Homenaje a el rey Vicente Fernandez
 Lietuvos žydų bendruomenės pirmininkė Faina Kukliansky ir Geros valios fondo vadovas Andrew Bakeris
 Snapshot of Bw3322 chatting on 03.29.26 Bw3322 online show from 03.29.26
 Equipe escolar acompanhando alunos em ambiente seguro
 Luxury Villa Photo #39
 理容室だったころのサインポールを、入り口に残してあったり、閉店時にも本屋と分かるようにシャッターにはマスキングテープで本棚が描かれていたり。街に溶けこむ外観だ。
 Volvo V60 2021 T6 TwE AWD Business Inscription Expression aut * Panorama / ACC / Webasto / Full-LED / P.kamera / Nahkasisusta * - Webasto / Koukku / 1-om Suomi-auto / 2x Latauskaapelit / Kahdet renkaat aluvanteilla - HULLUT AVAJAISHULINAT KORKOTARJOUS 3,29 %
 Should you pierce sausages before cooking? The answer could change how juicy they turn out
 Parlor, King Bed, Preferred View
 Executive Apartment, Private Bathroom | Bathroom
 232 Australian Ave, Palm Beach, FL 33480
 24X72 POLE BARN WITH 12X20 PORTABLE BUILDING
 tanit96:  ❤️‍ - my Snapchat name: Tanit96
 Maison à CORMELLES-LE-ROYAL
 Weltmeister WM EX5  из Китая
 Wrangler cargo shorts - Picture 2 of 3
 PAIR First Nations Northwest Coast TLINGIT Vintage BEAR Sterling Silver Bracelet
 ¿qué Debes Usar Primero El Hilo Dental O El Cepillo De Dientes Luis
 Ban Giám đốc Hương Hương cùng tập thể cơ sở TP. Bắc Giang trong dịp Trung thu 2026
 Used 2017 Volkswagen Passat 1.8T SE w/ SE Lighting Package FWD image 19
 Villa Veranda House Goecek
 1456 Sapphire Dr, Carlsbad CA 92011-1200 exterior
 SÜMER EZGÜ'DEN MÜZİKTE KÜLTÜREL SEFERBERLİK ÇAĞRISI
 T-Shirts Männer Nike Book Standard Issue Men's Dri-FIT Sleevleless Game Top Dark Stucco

What to work on:
In the listing above, find the line with "Volvo V60 2021" and the line with "Wrangler cargo shorts - Picture 2 of 3"; output exactly those lines and all lines between them.

Answer to this exercise:
 Volvo V60 2021 T6 TwE AWD Business Inscription Expression aut * Panorama / ACC / Webasto / Full-LED / P.kamera / Nahkasisusta * - Webasto / Koukku / 1-om Suomi-auto / 2x Latauskaapelit / Kahdet renkaat aluvanteilla - HULLUT AVAJAISHULINAT KORKOTARJOUS 3,29 %
 Should you pierce sausages before cooking? The answer could change how juicy they turn out
 Parlor, King Bed, Preferred View
 Executive Apartment, Private Bathroom | Bathroom
 232 Australian Ave, Palm Beach, FL 33480
 24X72 POLE BARN WITH 12X20 PORTABLE BUILDING
 tanit96:  ❤️‍ - my Snapchat name: Tanit96
 Maison à CORMELLES-LE-ROYAL
 Weltmeister WM EX5  из Китая
 Wrangler cargo shorts - Picture 2 of 3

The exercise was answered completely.